I jumped. Even though I’d been absently tracking the gradual approach of the sirens, Horace’s arrival caught me by surprise.
“Sorry,” he said. “Didn’t mean to startle you.”
“Murder victim,” I said, pointing my phone’s light at Mr. Hagley. I shifted it over to the crowbar. “Possible murder weapon. You’ll find my sneaker tracks beside him, where I stooped to take his pulse, and here.
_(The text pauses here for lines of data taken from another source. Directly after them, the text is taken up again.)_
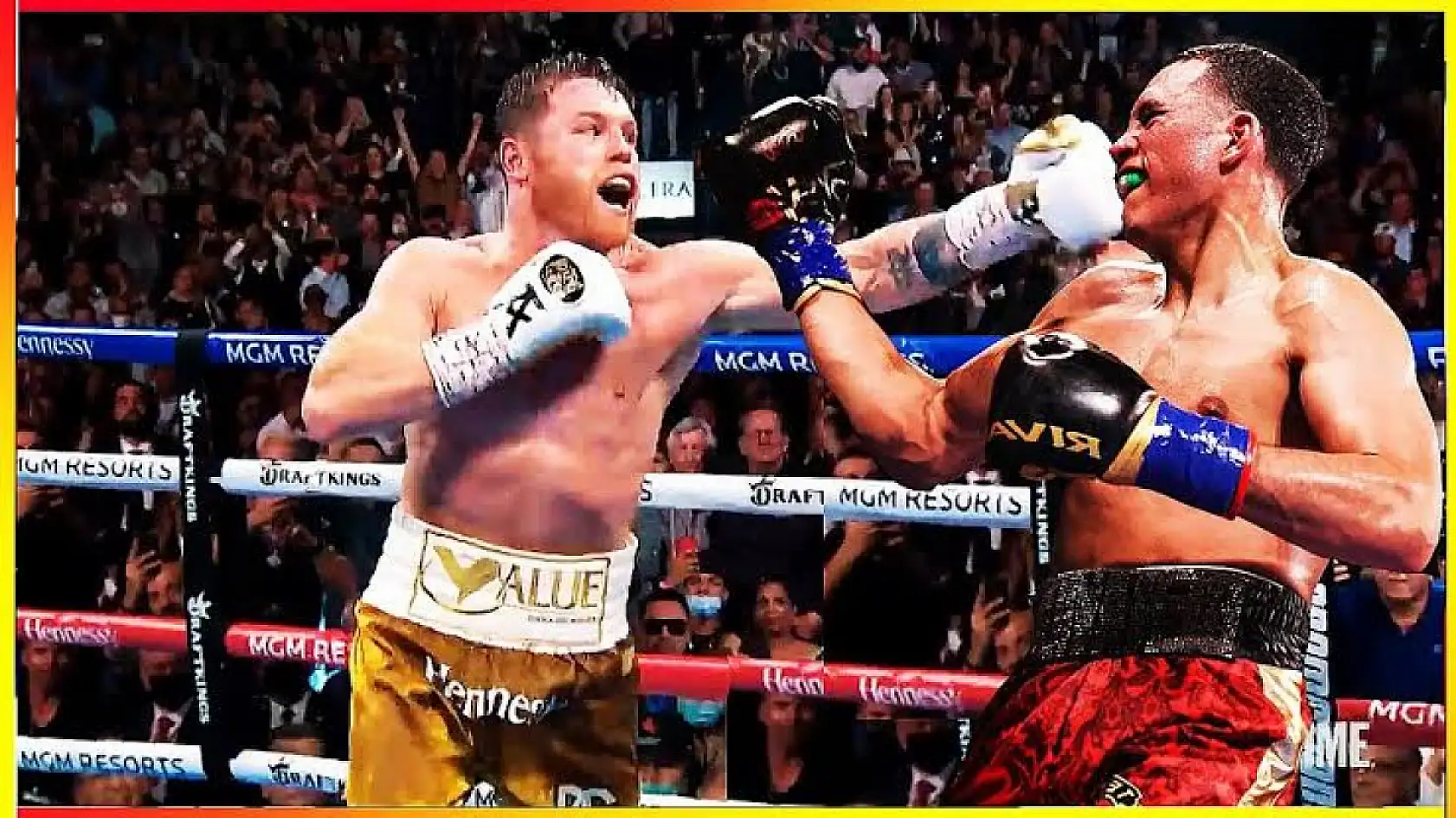 Merakla beklenen o karşılaşmanın kazananı belli oldu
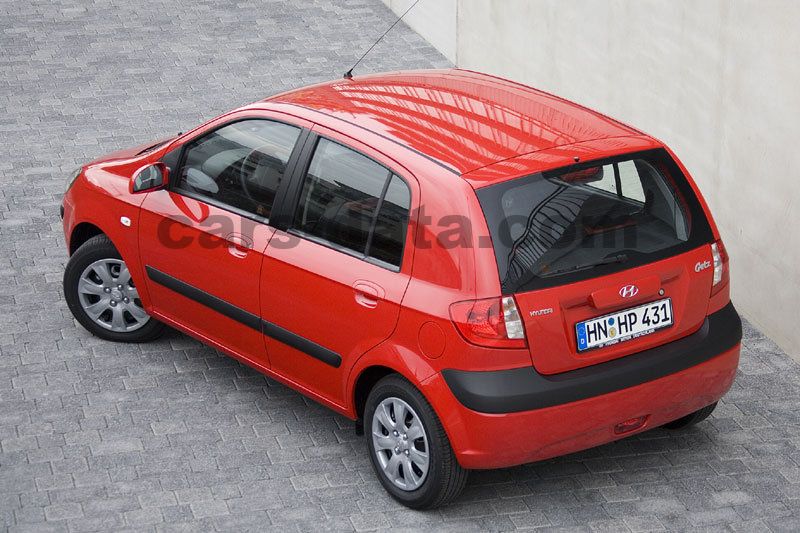 Hyundai Getz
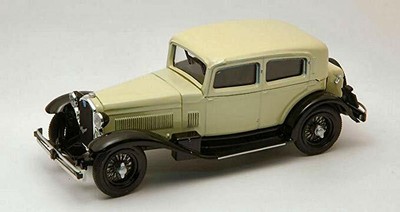 RIO RI4019 ALFA ROMEO 1750 6 C 1932 AVORIO 1:43 MODELLINO DIE CAST MODEL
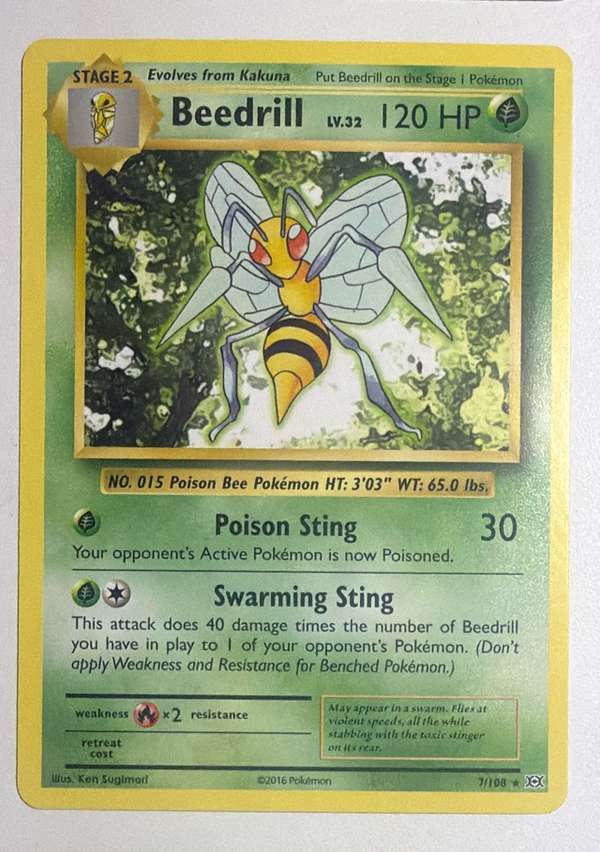 Beedrill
You going to kick me out now?” I was actually itching to call Michael, to let him know what was happening before he heard about it from someone else.
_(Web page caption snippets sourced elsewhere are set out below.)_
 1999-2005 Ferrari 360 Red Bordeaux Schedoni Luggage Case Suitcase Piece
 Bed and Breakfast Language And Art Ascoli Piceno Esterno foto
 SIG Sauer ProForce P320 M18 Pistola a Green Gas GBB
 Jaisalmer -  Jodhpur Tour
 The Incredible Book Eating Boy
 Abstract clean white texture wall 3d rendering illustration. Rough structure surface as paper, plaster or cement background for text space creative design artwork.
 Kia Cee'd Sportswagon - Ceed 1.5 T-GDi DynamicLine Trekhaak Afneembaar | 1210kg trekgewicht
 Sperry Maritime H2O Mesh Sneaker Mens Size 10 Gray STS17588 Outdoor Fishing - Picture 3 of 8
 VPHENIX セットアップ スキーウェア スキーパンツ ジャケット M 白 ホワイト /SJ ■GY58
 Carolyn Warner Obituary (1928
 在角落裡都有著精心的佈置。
“Maybe you should stay with me until some of the other officers have checked the premises, in case whoever did this is still lurking around,” Horace said. “Stand in the doorway and let me know if you see anything suspicious.”
“Can do.”
“And can you turn on the lights?” he asked. “Unless there’s a particular reason you were creeping around in the dark.”
“The bulbs are burned out,” I said.
Horace took the flashlight from his belt, turned it on, and trained it on first one overhead fixture, then the other.
“The bulbs are broken,” he said. “Be interesting to know if the killer did this or if they were already out.”
“If the killer did it, won’t you find glass?”
“We’d also find glass if the bulb had been broken days ago.”
“But it wasn’t,” I said. “With Robyn out, Mother gives the church a white-glove inspection almost every day. I’m pretty sure she did it earlier this evening, before the vestry meeting. If she’d found broken glass in here, she’d have told me.”
“Could be.”
He sounded dubious. Did he doubt Mother’s attention to detail?
“And then there’s the fact that there was light coming from here earlier,” I added. “A lot brighter than that thing.” I gestured to the fallen flashlight. “So unless the killer had an awesomely high-powered flashlight…”
“He broke the bulbs, then. Wonder why.”
“The switch can be hard to find if you don’t already know where it is.”
He nodded, obviously filing away the information. He turned his flashlight on the body and whistled when he saw the head wound.
While Horace studied the crime scene with his trained forensic eyes, I tapped out a message to Michael. It took me a couple of tries to come up with wording that wouldn’t bring him racing to make sure I was okay.
“Don’t wait up,” my final draft began. “I’m fine, but I found a body. Junius Hagley. Horace is here with me. Dad and the chief are on their way. They’ll probably want to pick my brains before I leave.”
Michael’s answer came back so quickly that I suspected he’d started to worry and was watching his phone.
“You’re sure you’re fine? Rose Noire and Rob are here, so I could head over there.”
“I’m fine, and with any luck I’ll be on my way before you could even get here.”
I wasn’t actually that optimistic about an early departure, but I didn’t want to worry him. And I didn’t want him losing sleep over this. He had a busy day of classes and rehearsals tomorrow.
“OK,” he texted back. “What happened to Hagley—heart attack? Stroke?”
“Crowbar,” I texted back. “Homicide.”
He didn’t text back right away. I was about to put the phone away when his reply flashed onto my screen.
“Why do our local murderers always manage to commit their crimes when you’re around?”
“Dunno,” I tapped back. “Maybe the International Brotherhood of Thugs and Assassins insists.”
“LOL. Could be, if your dad got to them. Well, at least he’ll be happy.” True enough—few things excited Dad as much as an opportunity to be involved in a real-life murder investigation. “Stay safe. Love you!”
I replied in kind and then tucked my phone in my pocket.
“There’s no place like home,” I said under my breath. Then I turned back to see what Horace was up to.